_EXERCISE BRIEF_. For the word "Diesel", work out how many lines in the records below contain it and state that count alone.
•••
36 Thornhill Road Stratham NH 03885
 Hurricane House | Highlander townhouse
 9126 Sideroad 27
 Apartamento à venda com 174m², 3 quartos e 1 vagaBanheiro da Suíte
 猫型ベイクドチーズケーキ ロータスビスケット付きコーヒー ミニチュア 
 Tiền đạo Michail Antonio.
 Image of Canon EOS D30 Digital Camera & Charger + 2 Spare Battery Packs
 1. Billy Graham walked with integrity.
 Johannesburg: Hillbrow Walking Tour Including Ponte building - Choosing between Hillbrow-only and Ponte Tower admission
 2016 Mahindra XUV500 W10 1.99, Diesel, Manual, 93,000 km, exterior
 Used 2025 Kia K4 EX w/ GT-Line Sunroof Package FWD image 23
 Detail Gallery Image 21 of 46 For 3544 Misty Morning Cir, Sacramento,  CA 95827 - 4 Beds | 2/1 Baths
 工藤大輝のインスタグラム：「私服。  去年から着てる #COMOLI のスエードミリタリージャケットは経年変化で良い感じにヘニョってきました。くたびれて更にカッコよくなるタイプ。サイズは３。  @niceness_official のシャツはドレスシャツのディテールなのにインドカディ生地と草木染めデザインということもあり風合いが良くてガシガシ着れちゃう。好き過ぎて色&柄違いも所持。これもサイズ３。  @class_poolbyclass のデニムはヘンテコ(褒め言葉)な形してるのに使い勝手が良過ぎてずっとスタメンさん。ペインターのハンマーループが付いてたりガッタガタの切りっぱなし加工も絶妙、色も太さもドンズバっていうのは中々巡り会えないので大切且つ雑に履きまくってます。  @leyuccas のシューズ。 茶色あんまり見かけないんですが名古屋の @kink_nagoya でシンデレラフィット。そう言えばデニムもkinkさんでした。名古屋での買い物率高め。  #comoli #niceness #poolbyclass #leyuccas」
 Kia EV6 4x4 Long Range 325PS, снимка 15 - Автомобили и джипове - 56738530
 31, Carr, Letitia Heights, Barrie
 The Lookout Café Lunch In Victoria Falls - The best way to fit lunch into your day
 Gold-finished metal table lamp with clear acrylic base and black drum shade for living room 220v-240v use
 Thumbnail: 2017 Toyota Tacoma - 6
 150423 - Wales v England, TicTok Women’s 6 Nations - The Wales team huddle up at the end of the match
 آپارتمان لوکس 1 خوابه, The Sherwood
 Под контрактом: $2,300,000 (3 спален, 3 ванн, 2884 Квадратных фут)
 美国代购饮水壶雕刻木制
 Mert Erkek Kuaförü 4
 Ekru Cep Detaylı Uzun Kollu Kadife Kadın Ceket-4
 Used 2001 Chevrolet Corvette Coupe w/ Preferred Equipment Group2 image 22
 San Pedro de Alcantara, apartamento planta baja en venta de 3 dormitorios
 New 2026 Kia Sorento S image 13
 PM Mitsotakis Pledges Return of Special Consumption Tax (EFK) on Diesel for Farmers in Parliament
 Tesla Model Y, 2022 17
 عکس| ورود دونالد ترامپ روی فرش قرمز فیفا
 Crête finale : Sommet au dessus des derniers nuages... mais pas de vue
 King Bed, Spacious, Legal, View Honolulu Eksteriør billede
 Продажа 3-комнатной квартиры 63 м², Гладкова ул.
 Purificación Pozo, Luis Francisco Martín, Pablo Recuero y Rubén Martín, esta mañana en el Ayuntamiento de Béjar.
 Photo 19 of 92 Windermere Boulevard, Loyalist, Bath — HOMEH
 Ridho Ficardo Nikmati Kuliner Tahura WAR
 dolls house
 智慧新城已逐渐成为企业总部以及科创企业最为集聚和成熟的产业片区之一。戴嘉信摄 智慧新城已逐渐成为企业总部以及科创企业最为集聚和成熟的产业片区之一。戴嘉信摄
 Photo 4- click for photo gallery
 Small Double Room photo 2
•••
_RESPONSE_. 2